What it is
Well, lets start with the very basics. To find your PageRank you need to install the ‘Google Toolbar’ onto your browser, you may also need go into the options and tell PageRank to display on the toolbar, it is not always enabled by default.
PageRank is NOT an overall measure of a site’s SEO or importance, all PageRank tells you about a site is how many and how valuable the links that are pointing to that site are in general rather than giving a view of the site for any particular keywords. PageRank(PR) is rated from nothing to ten, with the infamous ‘grey bar’ being below zero meaning that the page hasn’t got any links or hasn’t been assigned a PR yet by Google.
The PR you will see in your browser toolbar will not be up to date either, generally Google only update the PR displayed in the Toolbar every 3+ months so most of the time the number that is displayed there is more historical than anything else.
PageRank and your position in the SERPs
Your PageRank and position in the search engine results pages are only very slightly related. Your PR is only a very vague and general guide to the number of links that are coming into your site, as these links cover all keywords and sites a lot of that PR is going to be ignored on any search. When you do a search your site will be matched for relevancy against the query the searcher used; if it is very relevant and trusted then it will be displayed quite highly.
As links are only one small (but important) part of SEO; just obtaining thousands of links won’t help much either, only links that are relevant to the searcher’s query will pass much importance on to the site receiving the link. You can see that even a site with a very high PR (7-8) could quite easily not appear on the first page for any searches, while lots of high value links are coming into this site if they are spread over a large number of keywords they could easily have no combined effect on any search.
Basically PR is not a metric that actually means anything; at the very best it should be taken as a vague guide to the number and value of links that a site has coming into it. If these links aren’t relevant to the searches the site wants to appear in however it isn’t going to help and nothing about PR tells you that.
Recent Changes
So, if we are ignoring PR, what’s the best way to work out the real value of a web site?
Well, in general it depends on the type of site.
For an e-commerce site, the best judge of the site will always be how much the site is selling.
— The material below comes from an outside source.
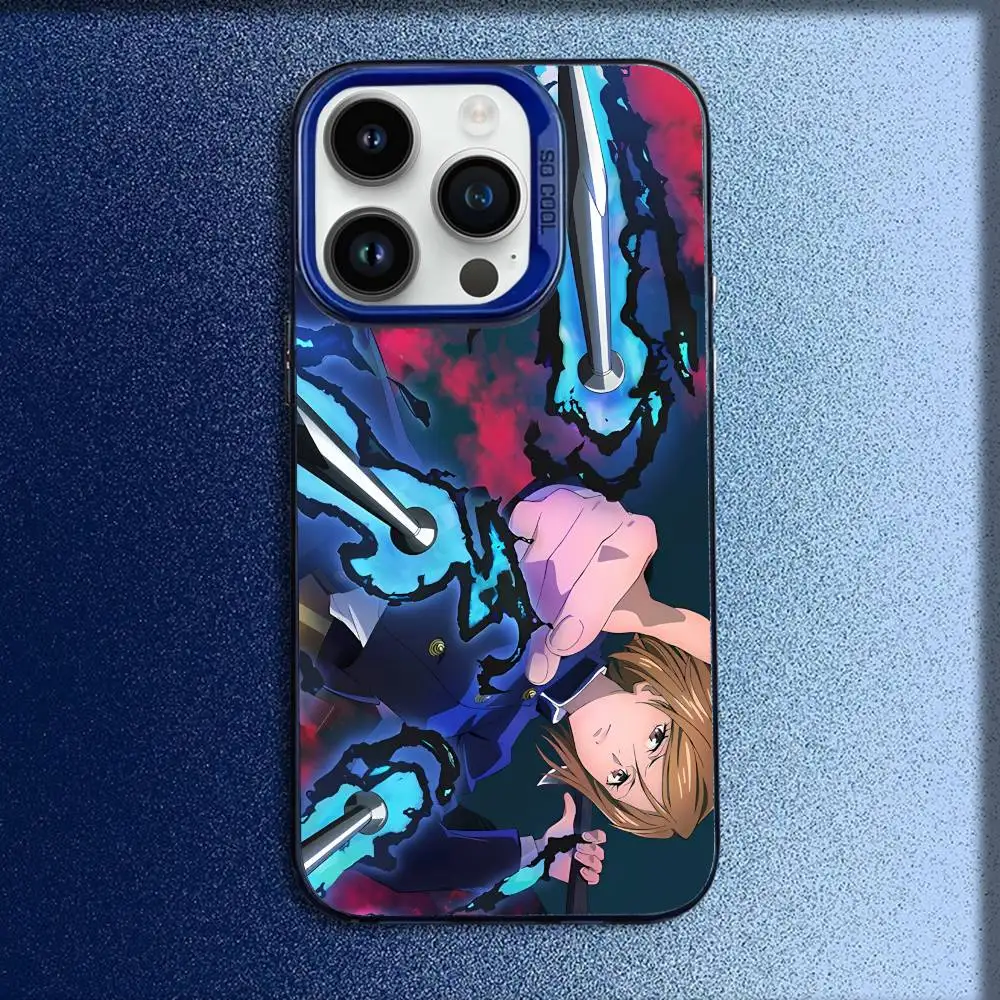 J-Jujutsu Nobara Kaisen Kugisaki Phone Case For iPhone 17,16,15,14,13,12,11,Pro,Max,Plus,E,SE4,Air,Mini Blue IMD Box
Visitors are good but if they aren’t visitors who are interested in purchasing then there isn’t too much point in them being there; the trick here is finding out if the visitors are not purchasing because they don’t like your website or because they didn’t want to buy anything from you in the first place. Checking the queries that where used to get to your site or how the visitors got to your site in general is normally the best way to work this out which will tell you if you need to target more specific keywords for your site or if you need to improve your store design to make it easier and more appealing for visitors to find and purchase the products they are looking for.
For other sites, the best judge is normally the number of visitors to the site and the bounce rate. If a lot of people are just looking at one page on the site and then leaving its normally an indication that either the site wasn’t what they where looking for or that the site isn’t very user friendly.
Generally a website has a purpose, your overall goal should always be for it to fulfil that purpose and everything else is secondary to this. It is very possible to get too obsessed with PR or SEO and forget that the web site has a job to do and if it isn’t doing that then there isn’t much point in having it there at all.
Summary
In general PR is just a way to get an overall idea of the number of links pointing towards a site and their quality; the higher the value the more and better quality of the links that are pointing towards a site. This doesn’t imply any specific trust or ranking position in any search engine as these are all dependent on many other factors – most important being the relevancy of the site itself, its content and the trust with the search engines. Don’t assume that a higher PR site is always better; spammy links may increase your PR but they aren’t likely to do much to your position in the search engines for the keywords that you want to rank on.